7.4. Frontend / backend (fe-be)
--------------------------------
---------------------------------------------------------------
rate-limit req/s avg latency overhead
---------------------------------------------------------------
100.0% 34,012 238.75 us 19.1%
75.0% 35,462 230.08 us 15.7%
50.0% 36,811 222.33 us 12.5%
25.0% 38,493 210.95 us 8.5%
10.0% 39,735 206.15 us 5.5%
2.5% 40,423 202.35 us 3.9%
0.0% 40,842 200.88 us 2.9%
disabled 42,113 194.91 us ~0
off 42,062 194.37 us baseline
---------------------------------------------------------------
The fe-be configuration involves two HAProxy instances in series, so the
absolute baseline (off) is already lower at 42,062 req/s due to the extra
network hop. The rate-limit is varied only on the frontend; the backend
always has the filter loaded with hard-errors enabled.

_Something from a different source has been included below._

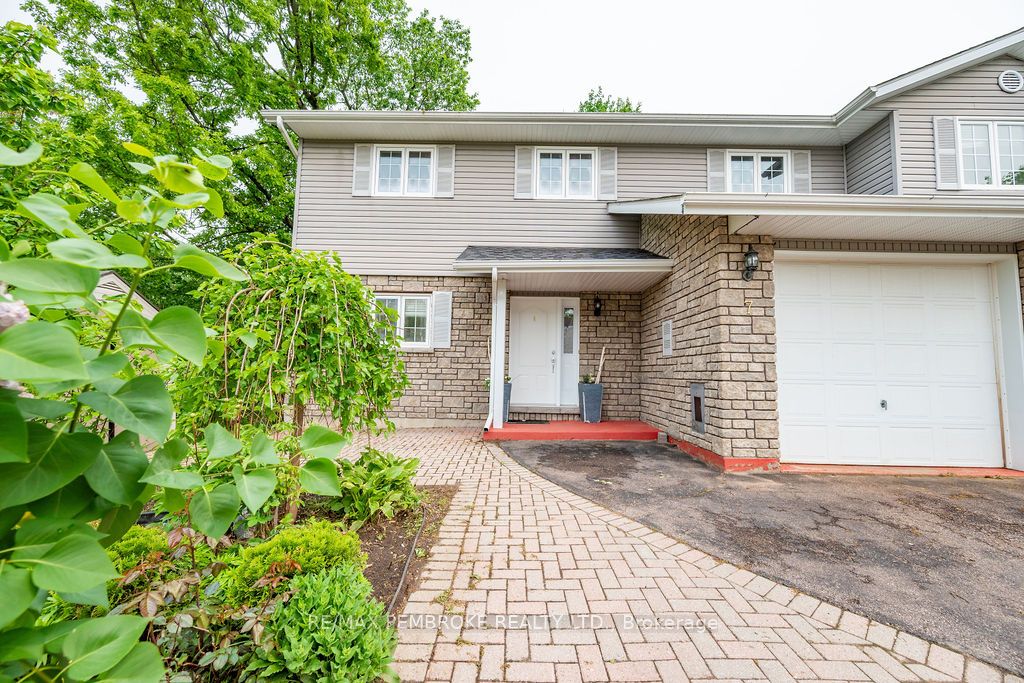 7 Vermont Meadows N/a Property Photo 2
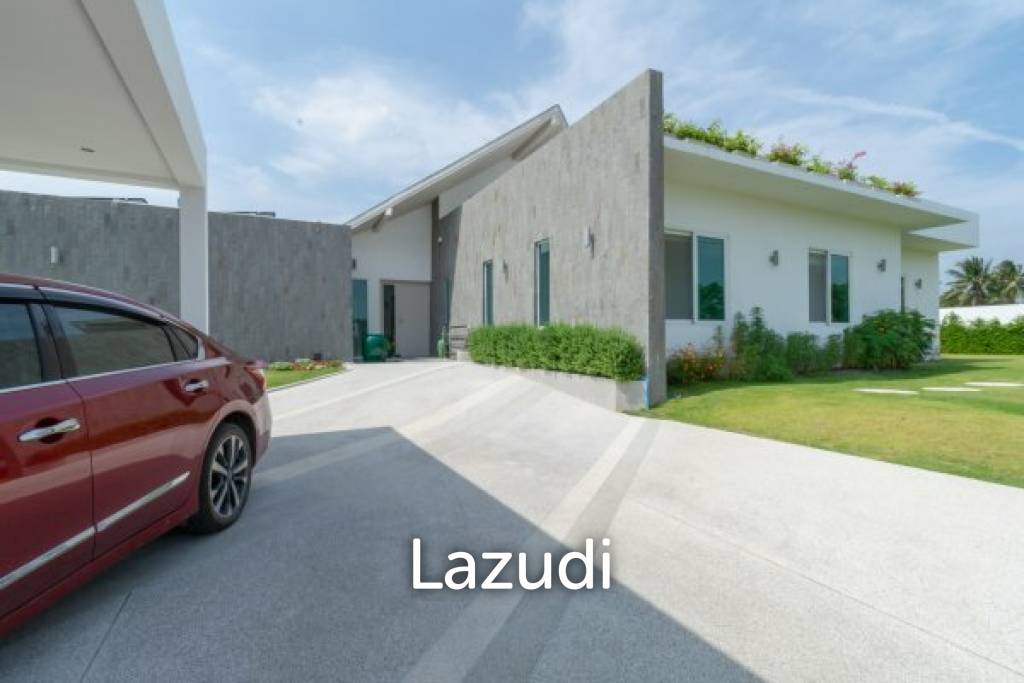 1,600 Sqm 4 Bed 5 Bath Villa For Sale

This explains the 2.9% overhead at rate-limit 0.0: even though the frontend
never traces, the backend filter still attaches to every stream, attempts to
extract context from the HTTP headers, fails (because the frontend did not
inject any context), and the hard-errors option stops further processing.
This per-stream attach/extract/error cycle accounts for the residual cost.
When both instances have the filter disabled (disabled level), the overhead
is within measurement noise, consistent with the single-instance
configurations.
8. Summary
-----------
The table below shows the overhead for each configuration at selected rate-limit
levels:
---------------------------------------------------
rate-limit sa cmp ctx fe-be
---------------------------------------------------
100.0% 21.6% 7.6% 38.0% 19.1%
25.0% 7.0% 2.9% 12.4% 8.5%
10.0% 3.7% 1.4% 6.2% 5.5%
2.5% 1.4% 0.2% 1.9% 3.9%
---------------------------------------------------
Key observations:
- The overhead scales approximately linearly with the rate-limit value.
Reducing the rate-limit from 100% to 10% eliminates the vast majority
of the cost in all configurations.
- The cmp configuration, which uses a reduced span hierarchy typical of
production deployments, adds only 1.4% overhead at a 10% rate-limit.
- The sa configuration, which exercises all possible events, stays at about
7% overhead at a 25% rate-limit and below 4% at 10%.
- The ctx configuration is the most expensive due to the inject/extract
context propagation on every scope. It is designed as a stress test for
the propagation mechanism rather than a practical production template.
- The fe-be configuration carries a higher fixed cost because two HAProxy
instances are involved and the backend filter processes context extraction
regardless of the frontend rate-limit setting.
- Loading the filter but disabling it via 'option disabled' adds no measurable
overhead in any configuration.
- The filter attachment cost without any telemetry processing (rate-limit 0.0)
is 0.3% or less for single-instance configurations (sa, cmp, ctx).
- In typical production use with a rate-limit of 10% or less, the performance
impact of the OTEL filter should be negligible for single-instance deployments.